What is required → The required result is an exact copy of every line from the one with "Mechanical Hand-Crank Dynamic" through the last line below, with the pictures left out.

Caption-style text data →
*****

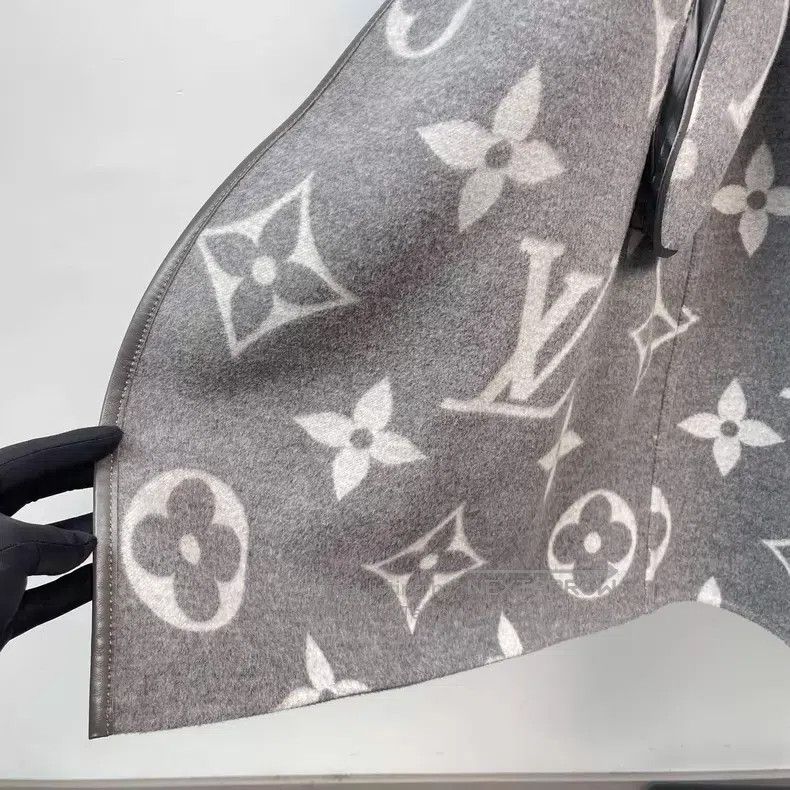 Louis Vuitton Louis Vuitton Light Grey Long Bathrobe Coat with Full Prin Size XS / US 0-2 / IT 36-38 - 6 Thumbnail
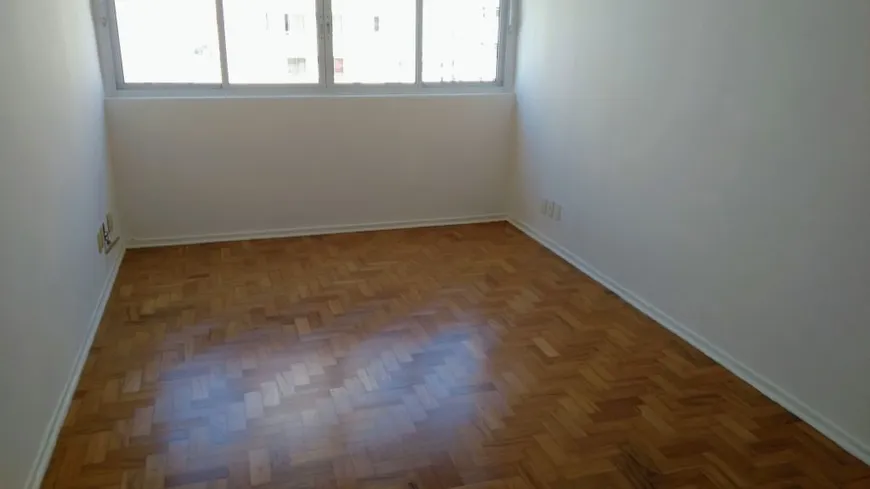 Foto 1 de Apartamento com 3 Quartos para alugar, 84m² em Aclimação, São Paulo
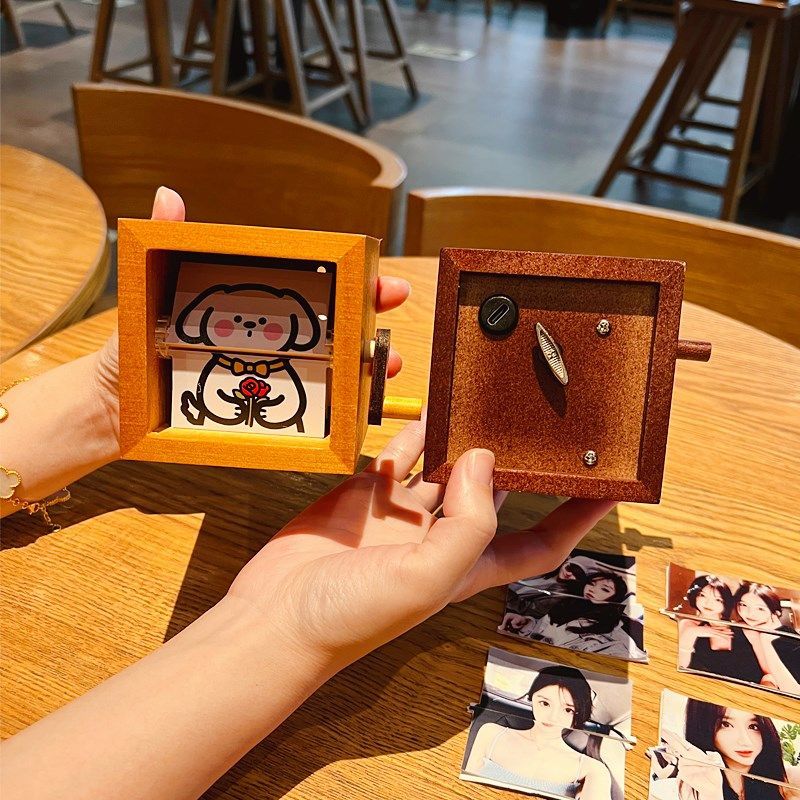 Mechanical Hand-Crank Dynamic Photo Album Photo Luminous Music Box Solid Wood Handmade Creative Custom Anniversary Gift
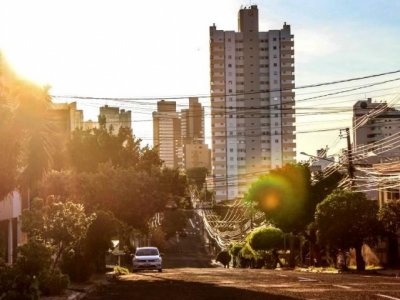 O dia na capital sul-mato-grossense amanheceu com cu aberto, mas previso  de chuva (Foto: Marina Pacheco)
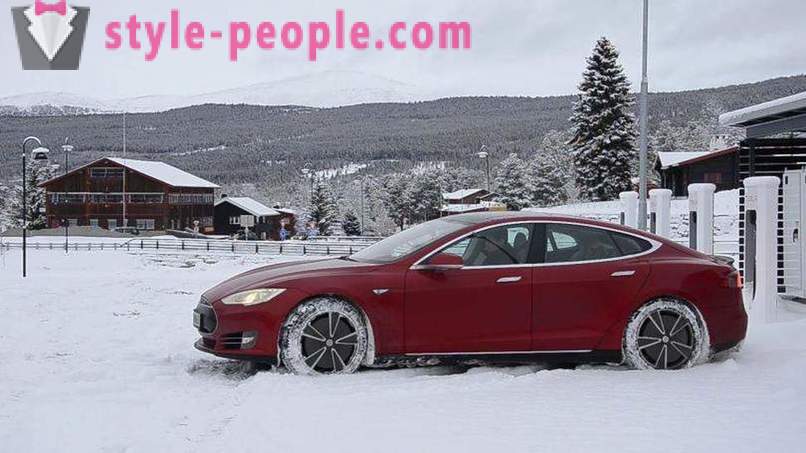Tesla Motors rengiasi oficialaus išleidimo į Rusijos rinką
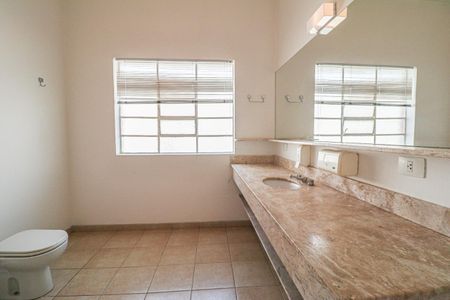 Casa à venda com 439m², 3 quartos e 4 vagas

*****

Solution to the problem →
 Mechanical Hand-Crank Dynamic Photo Album Photo Luminous Music Box Solid Wood Handmade Creative Custom Anniversary Gift
 O dia na capital sul-mato-grossense amanheceu com cu aberto, mas previso  de chuva (Foto: Marina Pacheco)
Tesla Motors rengiasi oficialaus išleidimo į Rusijos rinką
 Casa à venda com 439m², 3 quartos e 4 vagas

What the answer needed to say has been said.